Many people are reluctant to try exercise balls because they look and feel so unstable. Well, they are…but that's the point. Training on a ball challenges your balance and is very good for working the core muscles. For instance, when you do a chest press on a bench, you target isolated muscles in the chest and arms. But when you do that same exercise on a ball, you work the upper body and recruit stabilizing muscles like the abdominals.
Apart from the fact that they can be a lot of fun, exercise balls help keep you motivated by adding variety to strengthening and stretching exercises. And since the ball helps build core strength, training with these inflatable orbs improves posture. Plus, ball training is easily adaptable to all levels of fitness.
Exercise balls come in a variety of sizes. Most fitness clubs carry 55 cm balls (the right size for most people between 5' and 5'7") and 65 cms balls (for most people between 5'8" and 6'2" ). The best way to figure out the right ball for you is to sit on it. Your hips and knees should align at about a 90-degree angle.
Generally, the larger the ball, the easier it is to work with because there is more surface space between the ball and the floor. But sizing is important. Don't assume that all beginners should find the biggest exercise ball possible. Working with a ball that is too large may be easier for some exercises but it makes others quite awkward.
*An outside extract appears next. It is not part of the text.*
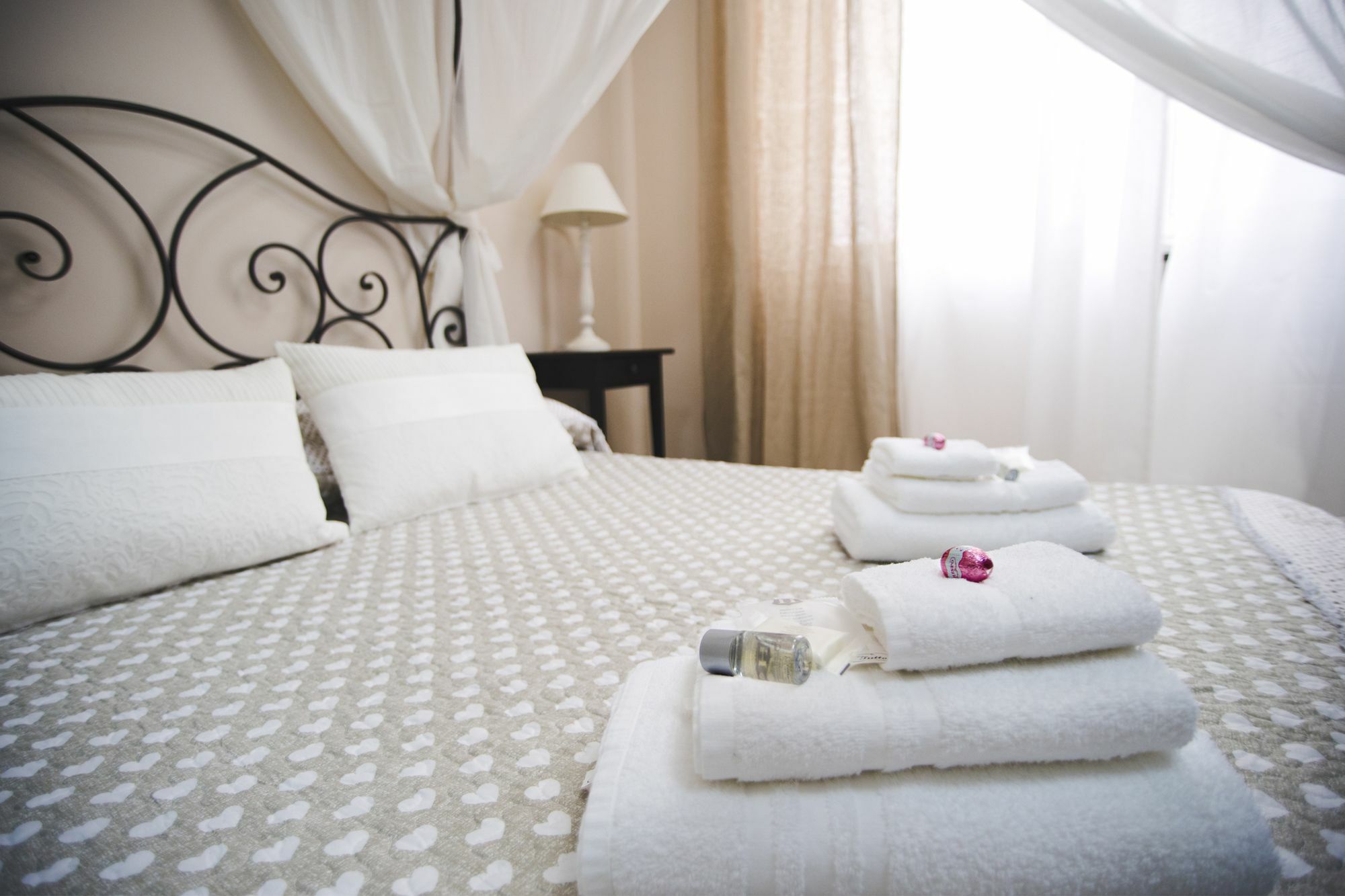 Vatican Rooms Accommodation Roma Exterior foto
If you can't get past your fear of falling off the ball (a natural first response), there are ways to ease into ball training. Softer or slightly deflated balls are less difficult to work with. Securing the ball against a wall or getting a trainer to hold it steady also helps alleviate anxiety. But remember, the more you secure the ball, the less stabilizing your muscles have to do, which is the goal of using the ball in the first place.